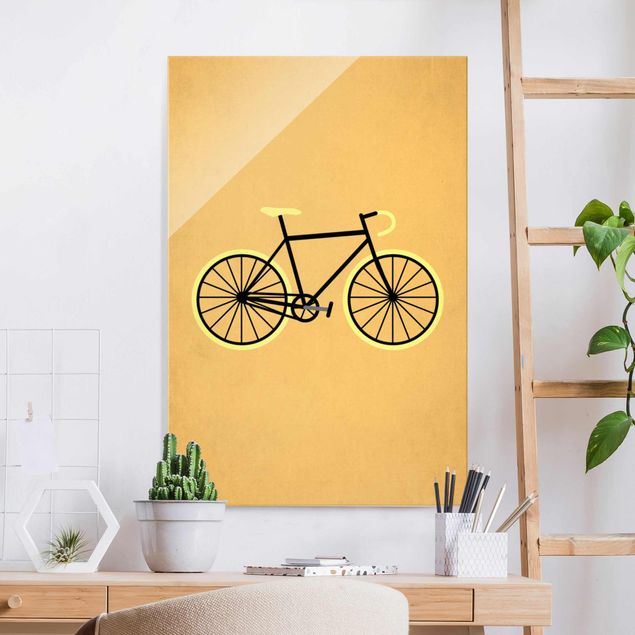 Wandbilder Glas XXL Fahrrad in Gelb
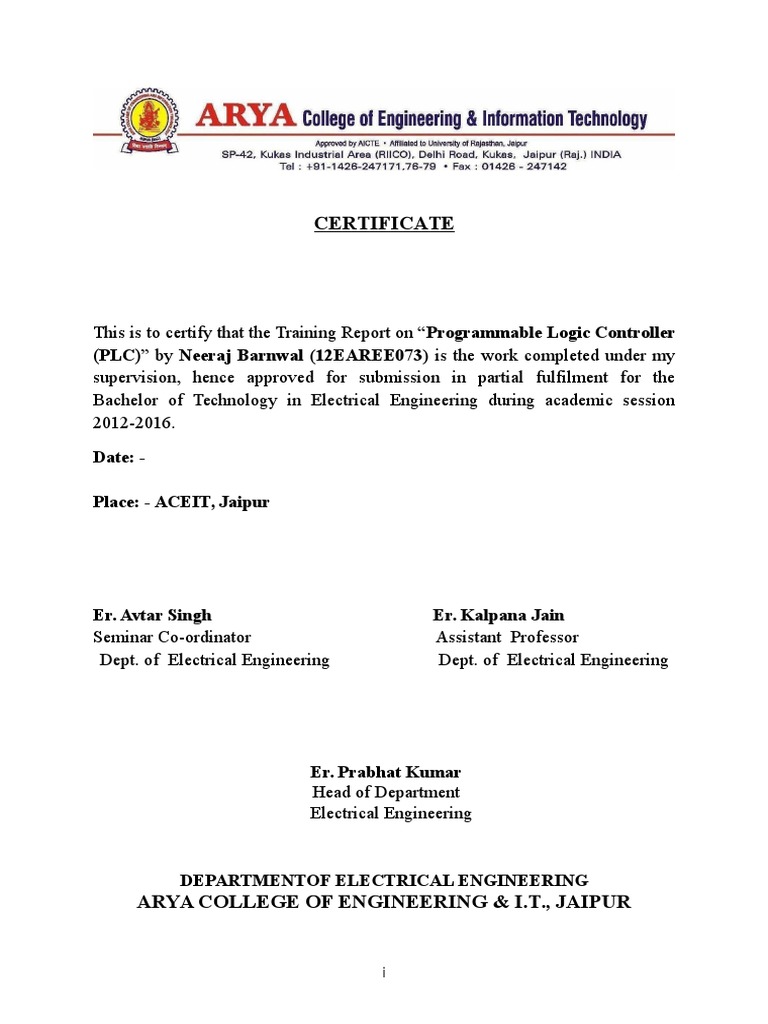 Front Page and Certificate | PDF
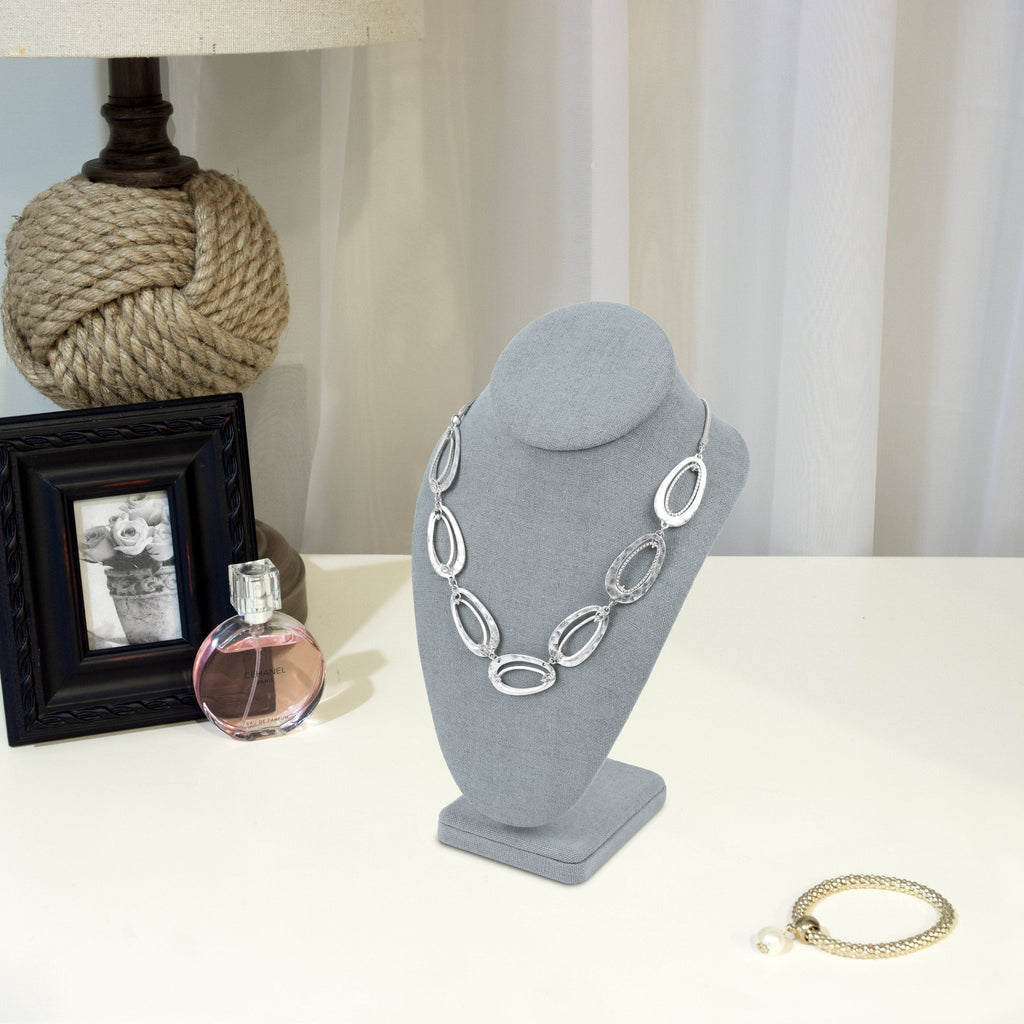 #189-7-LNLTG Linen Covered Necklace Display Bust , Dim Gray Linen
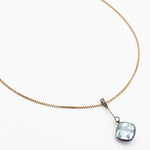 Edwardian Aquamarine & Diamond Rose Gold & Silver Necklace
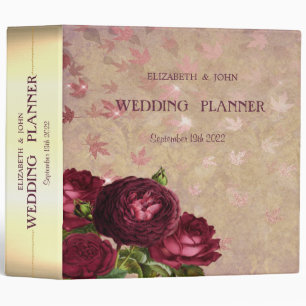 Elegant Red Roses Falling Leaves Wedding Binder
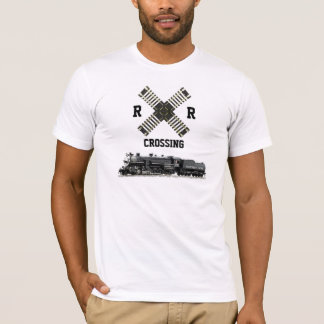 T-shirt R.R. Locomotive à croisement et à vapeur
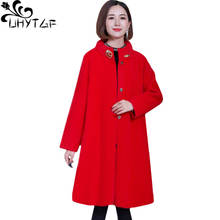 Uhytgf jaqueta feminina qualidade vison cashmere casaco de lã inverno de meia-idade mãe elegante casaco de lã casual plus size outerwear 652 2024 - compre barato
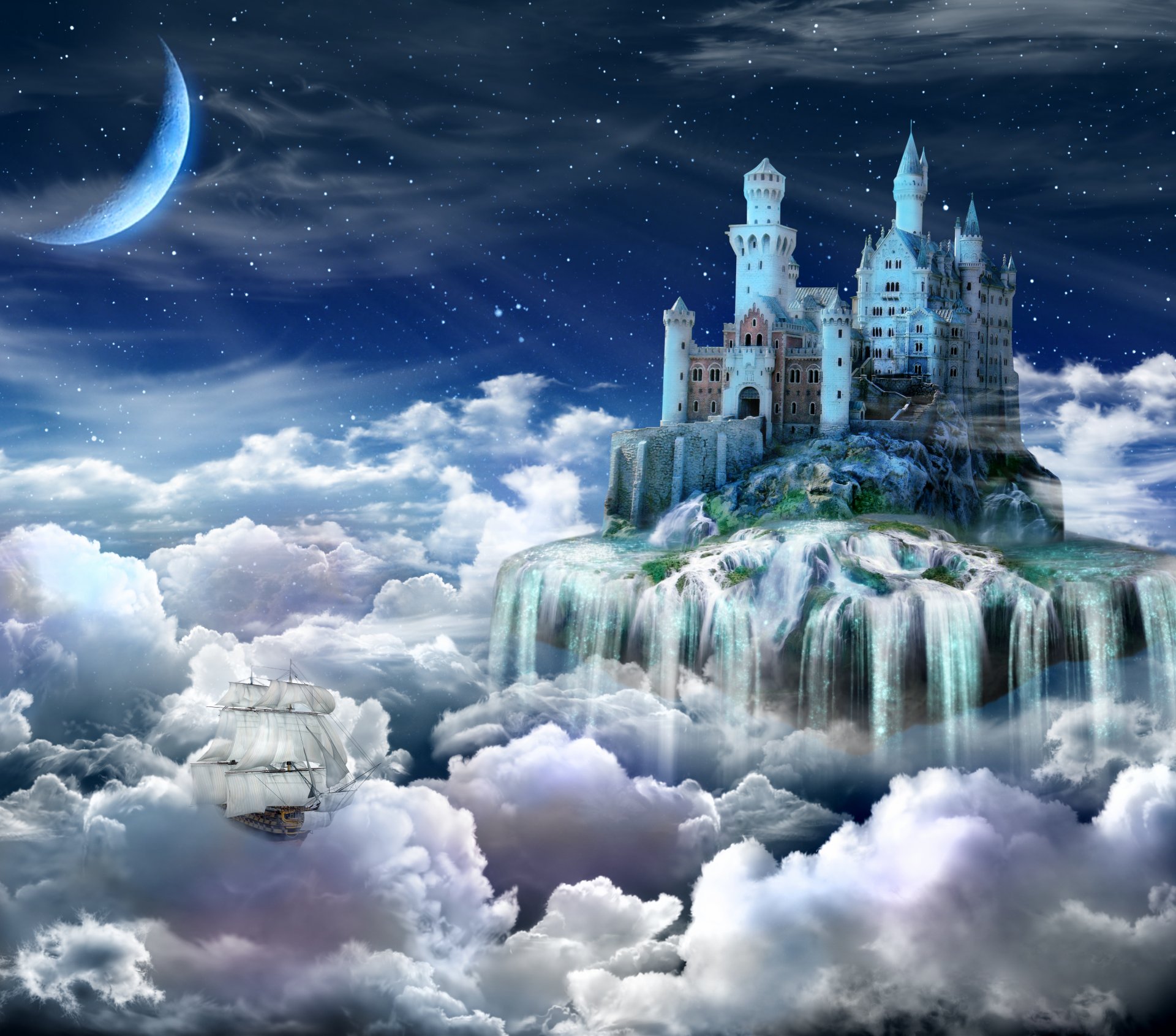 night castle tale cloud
---
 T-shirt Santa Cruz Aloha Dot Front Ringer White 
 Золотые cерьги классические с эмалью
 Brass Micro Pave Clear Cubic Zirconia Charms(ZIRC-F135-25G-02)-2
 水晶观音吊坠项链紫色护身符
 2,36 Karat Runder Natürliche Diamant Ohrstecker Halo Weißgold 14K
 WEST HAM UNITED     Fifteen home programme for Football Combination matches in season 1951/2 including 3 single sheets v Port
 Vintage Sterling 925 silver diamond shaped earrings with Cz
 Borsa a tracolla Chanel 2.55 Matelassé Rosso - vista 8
==
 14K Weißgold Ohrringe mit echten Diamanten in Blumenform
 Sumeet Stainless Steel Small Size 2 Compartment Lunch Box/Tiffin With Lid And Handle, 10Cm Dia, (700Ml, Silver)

* **EXERCISE**: Reproduce verbatim the lines above, from the line with "WEST HAM UNITED" through the line with "Borsa a tracolla".

* **SOLUTION FOR THIS EXERCISE**:
 WEST HAM UNITED     Fifteen home programme for Football Combination matches in season 1951/2 including 3 single sheets v Port
 Vintage Sterling 925 silver diamond shaped earrings with Cz
 Borsa a tracolla Chanel 2.55 Matelassé Rosso - vista 8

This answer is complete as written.